Biochemical reactions slowed; ice crystal formation leads to cell rupturing.
- Strategies to manage freezing include large body sizes (Bergmann’s Rule), small appendages (Allen's Rule), and insulation through fat or blubber.

Antifreeze proteins: Such as those produced by Antarctic fish to prevent ice formation.
Countercurrent exchange: A mechanism to retain core warmth by allowing warm arterial blood to heat cold venous blood, minimizing heat loss in extremities.
Hibernation: An adaptation allowing animals to lower metabolic rates during cold periods.

Unique problems in darkness:
- Visual deprivation, food scarcity, navigational challenges, and communication complexity.
Sensory Adaptations: Bats and dolphins with echolocation; fish use lateral line systems; cave-dwellers rely more on smell and taste.

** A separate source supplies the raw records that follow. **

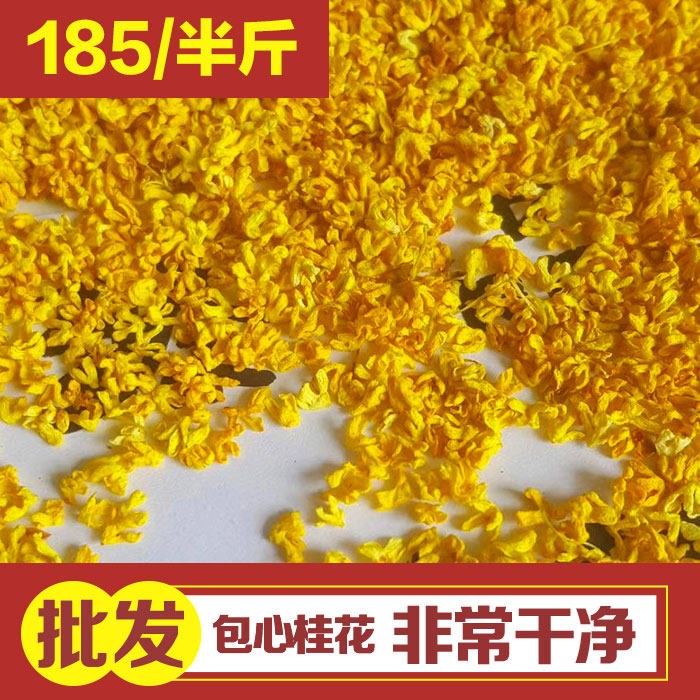 桂林桂花干燥花青罗坊非常干净包心桂花草茶叶干商用烘焙糕点蜜酱
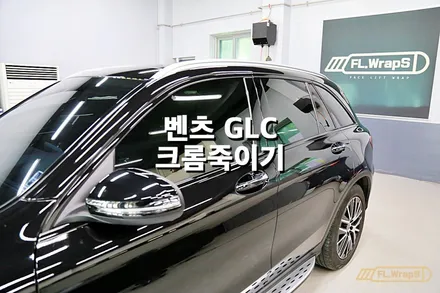 메르세데스 벤츠 GLC 윈도우 크롬몰딩 크롬죽이기 - 플랩스(FL.WrapS)/ 하남랩핑, 미사랩핑, 경기광주랩핑 / 하남 천현동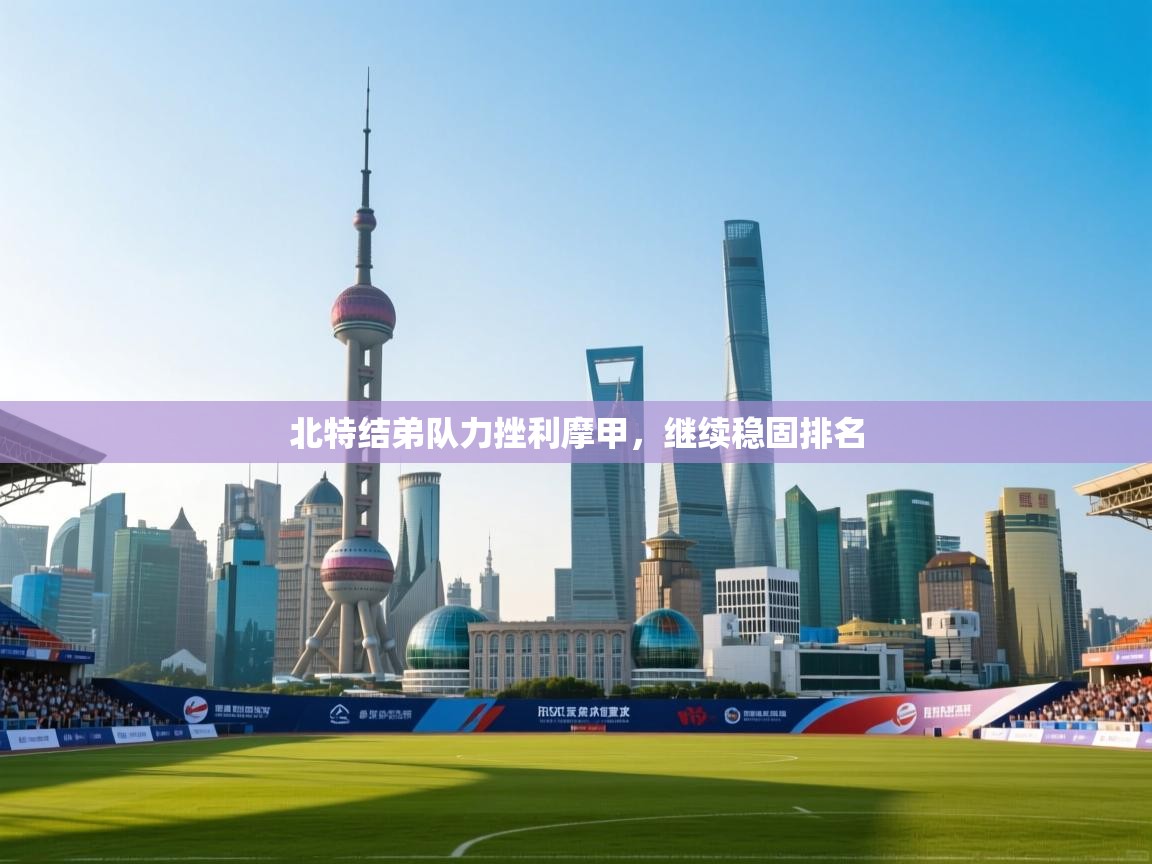北特结弟队力挫利摩甲，继续稳固排名  第1张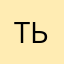Тьнщи
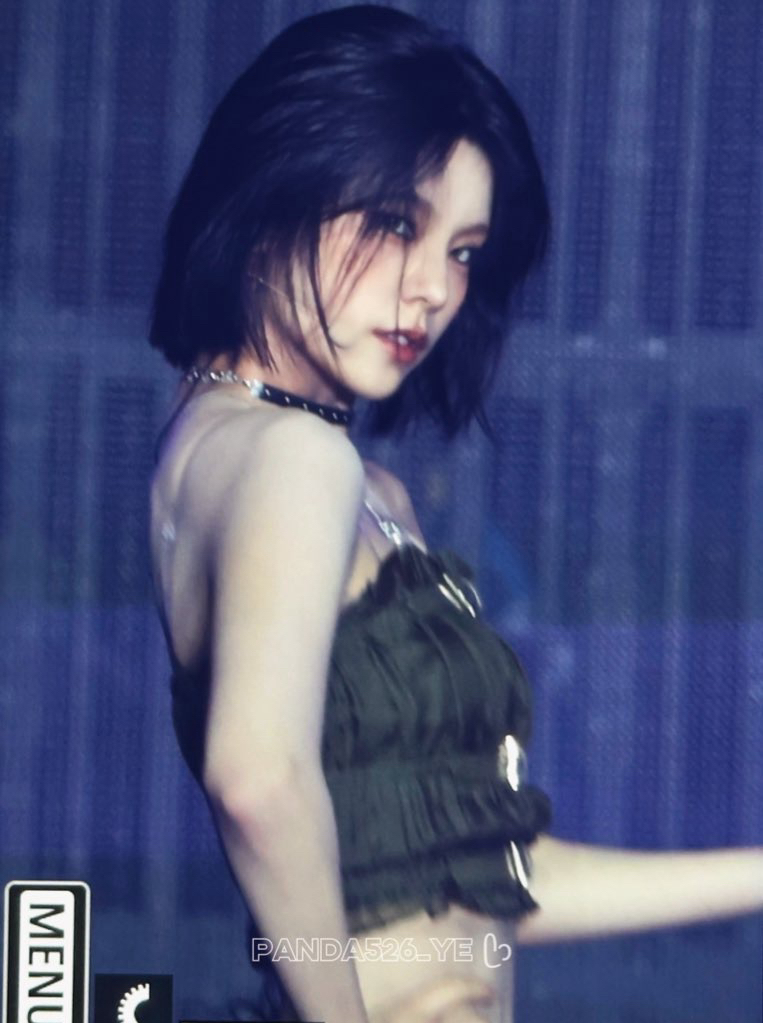 Recent activity shot of Yeji (ITZY)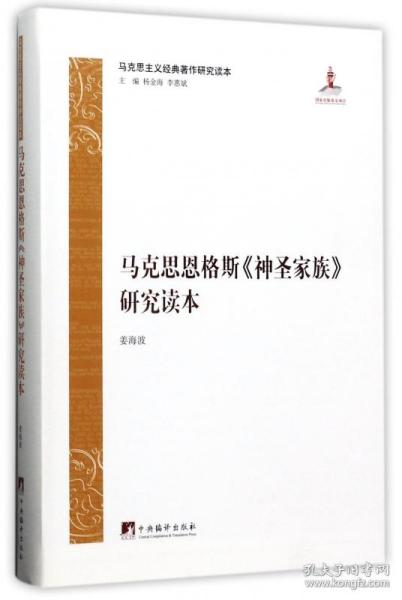 马克思主义经典著作研究读本：马克思恩格斯《神圣家族》研究读本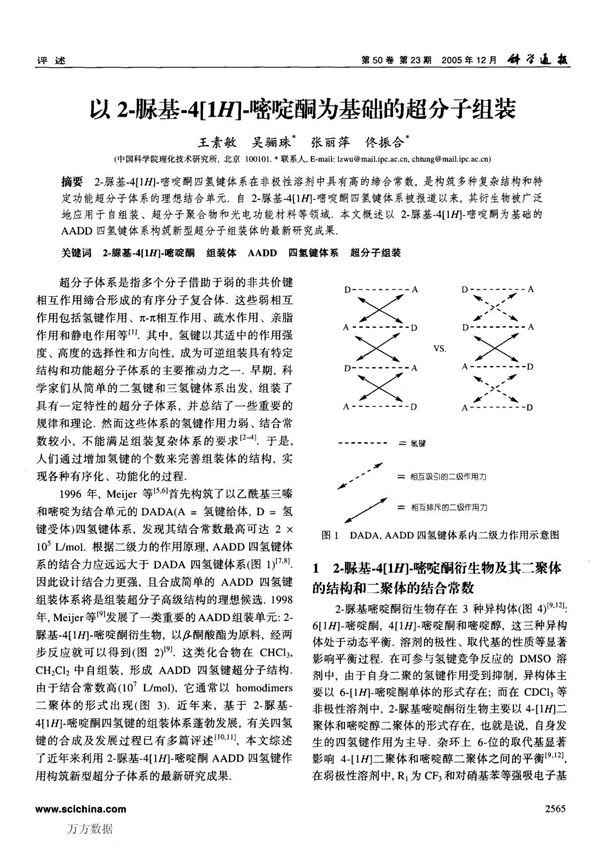以2-脲基-4(1H)-嘧啶酮为基础的超分子组装(精品)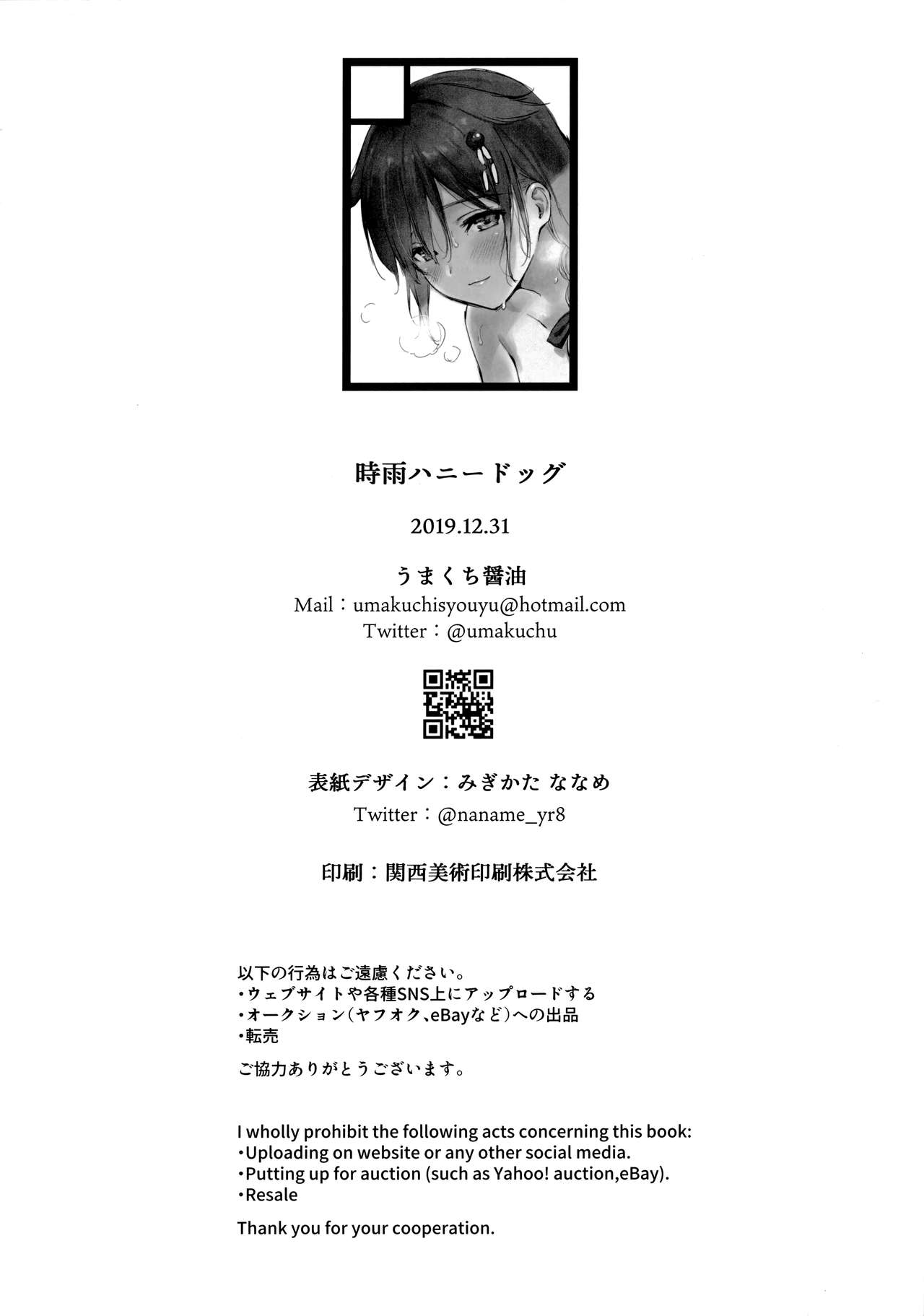 (C97) [あまくち少女 (うまくち醤油)] 時雨ハニードッグ (艦隊これくしょん -艦これ-) [中国翻訳]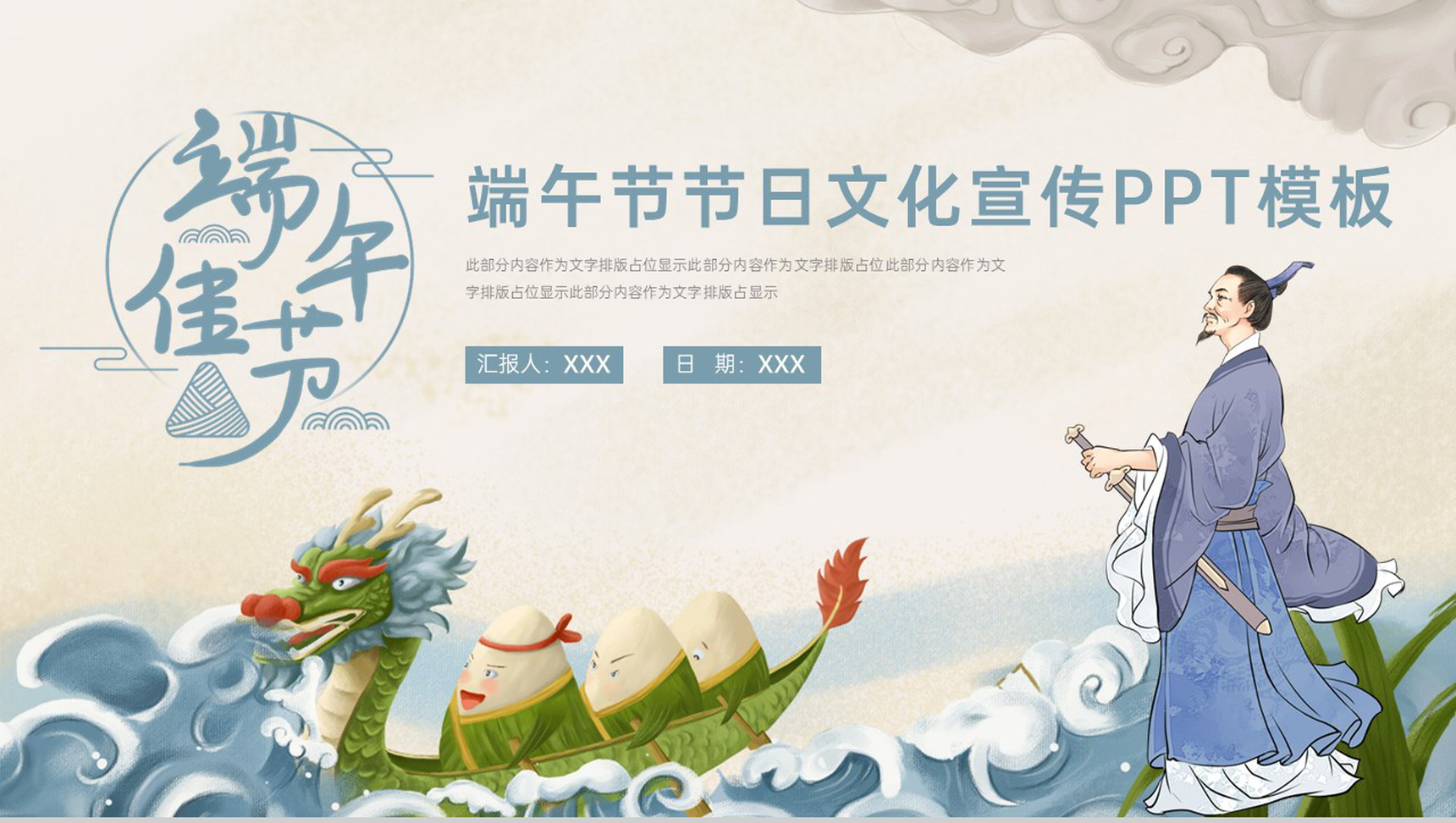 蓝色卡通风端午节习俗文化宣传活动策划PPT模板-1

Definition: Maintaining stable internal water and ion balance despite fluctuations in the external environment.
- Essential for cell function, nerve activity, and metabolic processes.

Osmoregulators: Actively control internal osmotic balance (distinct from environmental salinity).
Osmoconformers: Match internal osmolarity with surrounding environment, minimizing water loss.

Marine Fish: Adaptations to cope with high salinity, including drinking seawater and excreting excess salts.
Freshwater Fish: Adaptations to prevent dilution, such as producing dilute urine and actively absorbing ions.

Anadromous species: Face physiological adaptations to transition between saline and freshwater environments, including hormonal changes for ion regulation.

Ethology: Study of behavior in response to stimuli.
Ecology: Study of interactions with the environment.
Behavioral Ecology: Examines how behavior influences survival and reproduction in flexible adaptability to different conditions.